Under the EPR framework, producers, importers and brand owners (“PIBOs”) are made responsible for the collection and recycling of the plastic packaging they place in the Indian market, extending accountability beyond the point of sale[3]. The MoEFCC guidelines operationalise this through three compliance models, calibrated to business scale[4]:

Trade Dress /Packaging in question
Compliance Route How It Works
Fee-based Suited to smaller operations; contributes to local-body recycling infrastructure
PRO (Producer Responsibility Organisation) Compliance is discharged by engaging a third-party PRO that manages collection and recycling on the entity’s behalf
Credit Compliance is met through the purchase of surplus EPR certificates

The framework permits the sale and purchase of surplus EPR certificates, and allows businesses to carry forward or offset shortfalls against prior-year obligations, in effect creating a tradable compliance-instrument market that in-house teams should be tracking as part of annual budgeting[5]. Non-compliance attracts Environmental Compensation, levied on the Polluter Pays Principle, at rates prescribed by the Central Pollution Control Board (“CPCB”)[6] Separately, since January 2025, any failure to comply with, or contravention of, the Rules is independently punishable under section 15 of the Environment (Protection) Act, 1986.[7]

PIBOs are also subject to category-wise targets for recycling, for the reuse of rigid packaging, and for the mandatory use of recycled plastic content, in addition to the collection obligation described above[8].

Recycled content targets by packaging category[9]:

Trade Dress /Packaging in question
Category FY 2025-26 FY 2026-27 FY 2027-28 FY 2028-29 onwards
Category I (rigid) 30% 40% 50% 60%
Category II 10% 10% 20% 20%
Category III (multi-layered)* 5% 5% 10% 10%

*Limited to the weight of the plastic layers present.

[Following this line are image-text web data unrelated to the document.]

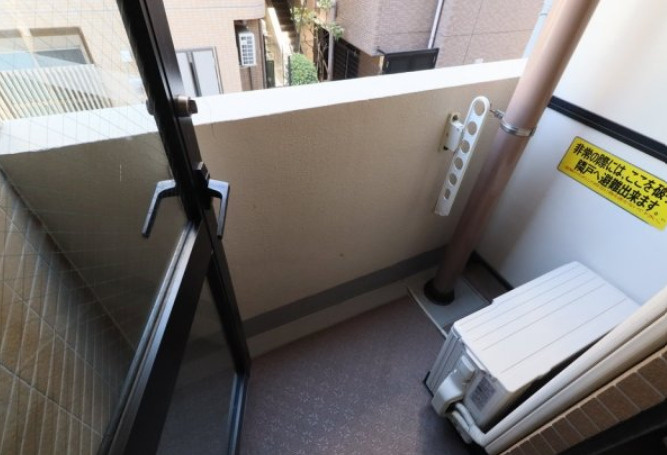 菱和パレス三軒茶屋壱番館のバルコニー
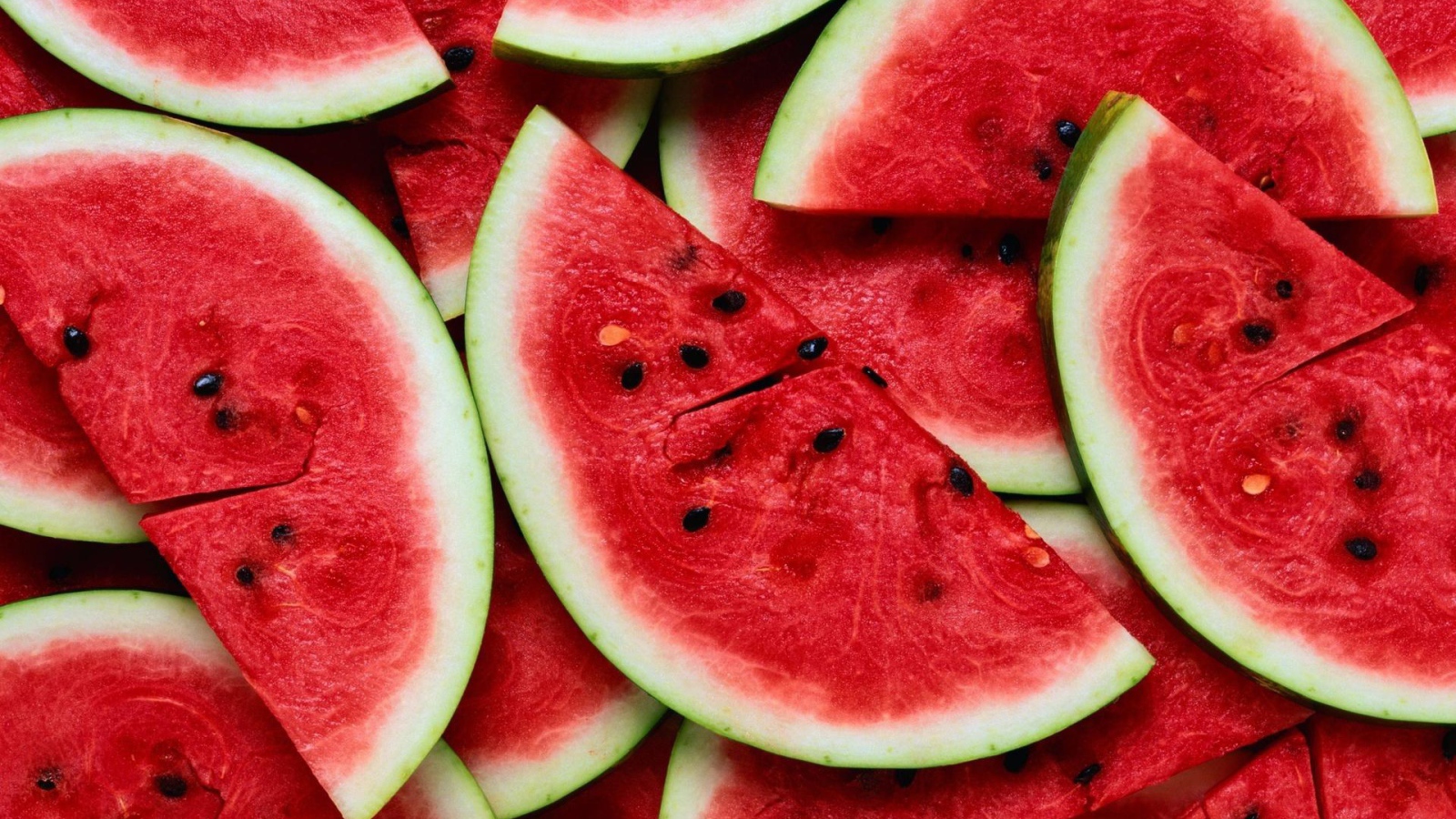 The cut ​​watermelon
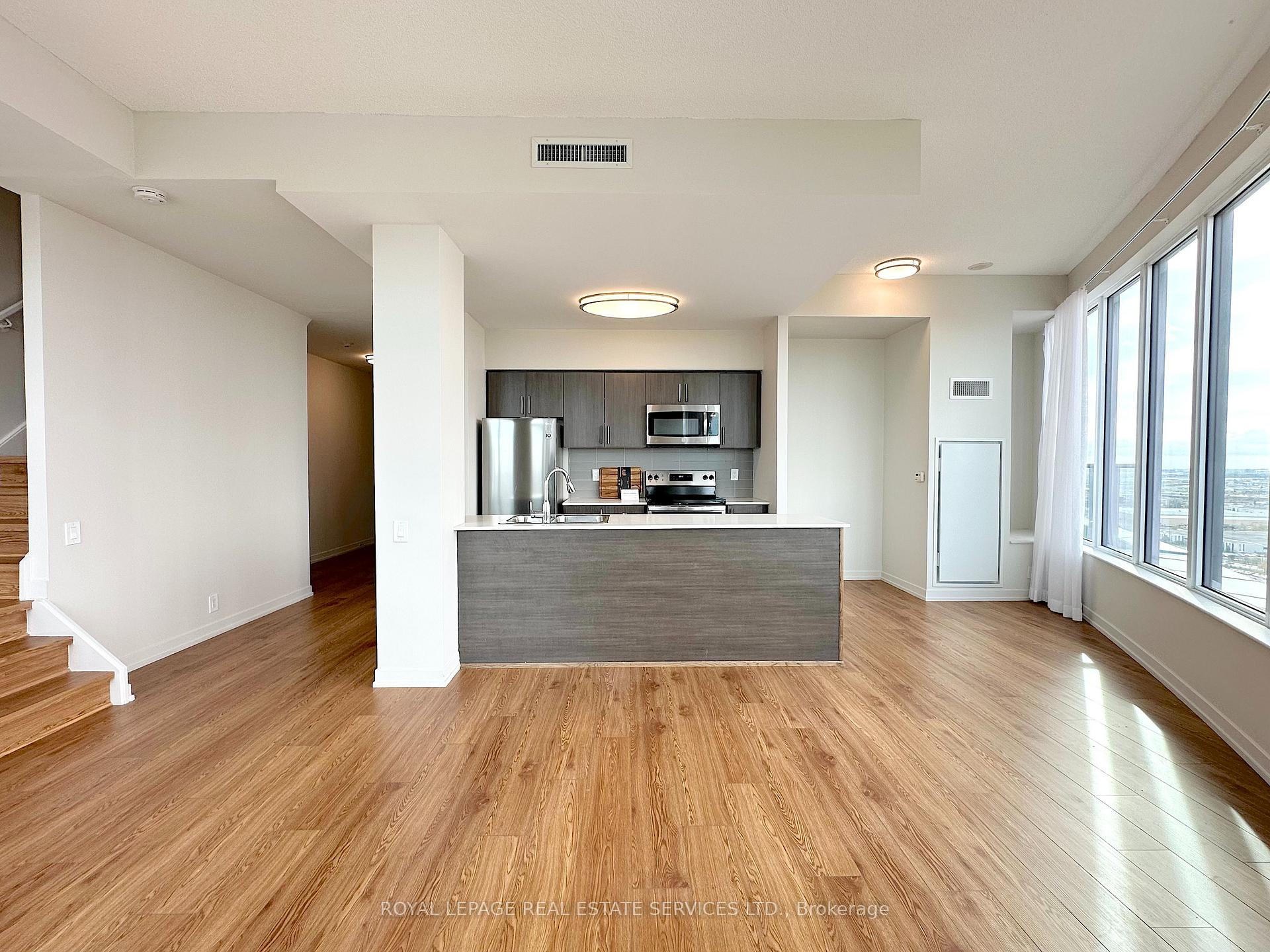 Photo 4 of Unit PH09, 188 Clark Boulevard, Brampton, Queen Street Corridor — HOMEH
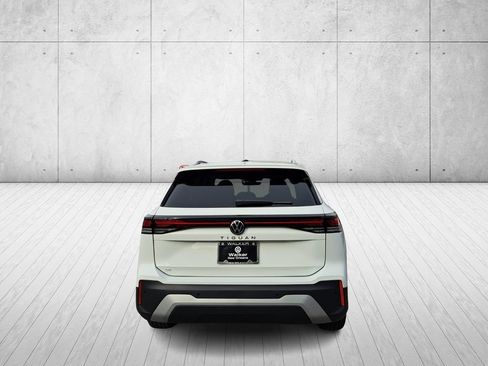 New 2026 Volkswagen Tiguan SE image 6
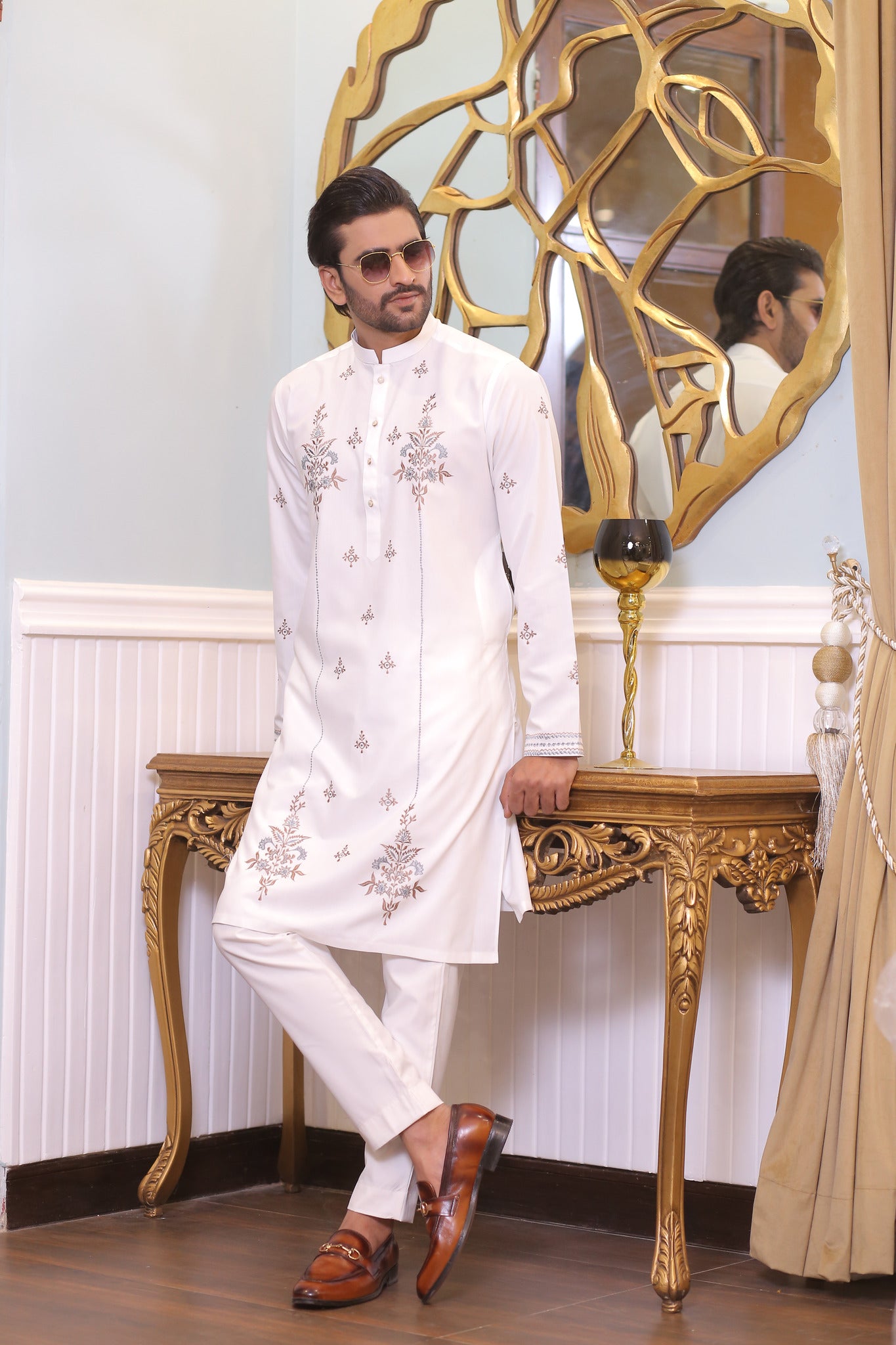 CK 23 White Chikankari Kurta For Mens Pakistan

Reuse targets for rigid Category I packaging, Brand Owners [10]:

Trade Dress /Packaging in question
Packaging Type FY 2025-26 FY 2028-29 onwards
0.9 to 4.9 litres/kg 10% 25%
Drinking water, 4.9 litres/kg or more 70% 85%
Other rigid packaging, 4.9 litres/kg or more 10% 15%

Where recycled content or reuse cannot be achieved because of a conflicting statutory requirement, for example food-contact rules of the Food Safety and Standards Authority of India, an exemption may be claimed, but any shortfall must otherwise be met by purchasing equivalent certificates from other PIBOs that have exceeded their own obligations[11].

Who Must Register

Registration obligations fall on any Producer, Importer or Brand Owner (“PIBO”) placing plastic packaging, or goods in plastic packaging, in the Indian market, regardless of whether the business manufactures the packaging itself or outsources it[12]. Compliance route typically depends on scale:

  • Small manufacturers are directed to contribute to local bodies handling recycling of smaller waste volumes.
  • Medium and large manufacturers without in-house recycling capability may appoint a PRO. During the framework’s transition period, “Plastics For Change” was identified as an available PRO; businesses should confirm the current list of CPCB-empanelled PROs before entering into any engagement, as this list is subject to change.
  • Export-oriented units and units in Special Economic Zones, and other units manufacturing plastic packaging for export against an export order, are excluded from the Rule 9(1) collection obligation, except in relation to pre-consumer plastic packaging waste generated by such units[13].
  • Manufacturers and importers of plastic raw material (such as resins, pellets or intermediate material), and persons selling such raw material, are separately obligated entities and must register with the concerned State Pollution Control Board or Pollution Control Committee, in addition to any registration required of the PIBOs they supply[14].

The Registration Process

Registration, PRO empanelment, and annual return filing are all administered through a centralised online portal developed and operated by CPCB. The Certificate of Registration is also issued through this portal[15]. A brief overview of the process is given below:

  • Confirm PIBO status: determine whether the entity qualifies as a producer, importer, or brand owner under the Rules, and identify the applicable registration category.
  • Confirm the registering authority: the application is filed in Form I through the centralised online portal, but the authority that actually grants registration is the State Pollution Control Board or Pollution Control Committee where the PIBO operates in one or two States or Union Territories, and CPCB where it operates in more than two[16].
  • Compile packaging data: assemble volume and material-type data for plastic packaging placed in the market during the relevant financial year.
  • Register on the CPCB EPR Portal: submit the registration application and supporting documentation to obtain the Certificate of Registration.
  • Select a compliance route: self-managed fee-based compliance, PRO engagement, or credit-based offsetting, based on operational capacity.
  • Confirm recycled-content, reuse and labelling compliance: verify that recycled plastic packaging is labelled in accordance with IS 14534:2023 and that category-wise recycled-content and (for rigid Category I packaging) reuse targets are on track for the relevant financial year[17].
  • Check raw-material supply-chain registration: if the entity manufactures, imports, or sells plastic raw material, confirm the separate registration and reporting obligations under Rule 13(4) are met[18].
  • File annual returns: submit returns within the prescribed timelines, supported by verifiable collection and recycling data[19].
  • Maintain a compliance file: retain documentation evidencing target computation and discharge, for production in the event of a CPCB audit or show-cause notice.

Enforcement Risk

CPCB has already taken enforcement action against non-compliant businesses under the Plastic Waste Management Rules, including issuing show-cause notices to companies found in violation. This confirms that EPR compliance is being actively audited rather than treated as a dormant requirement, and that registration status and target compliance are matters CPCB will test in practice, not only on paper[20].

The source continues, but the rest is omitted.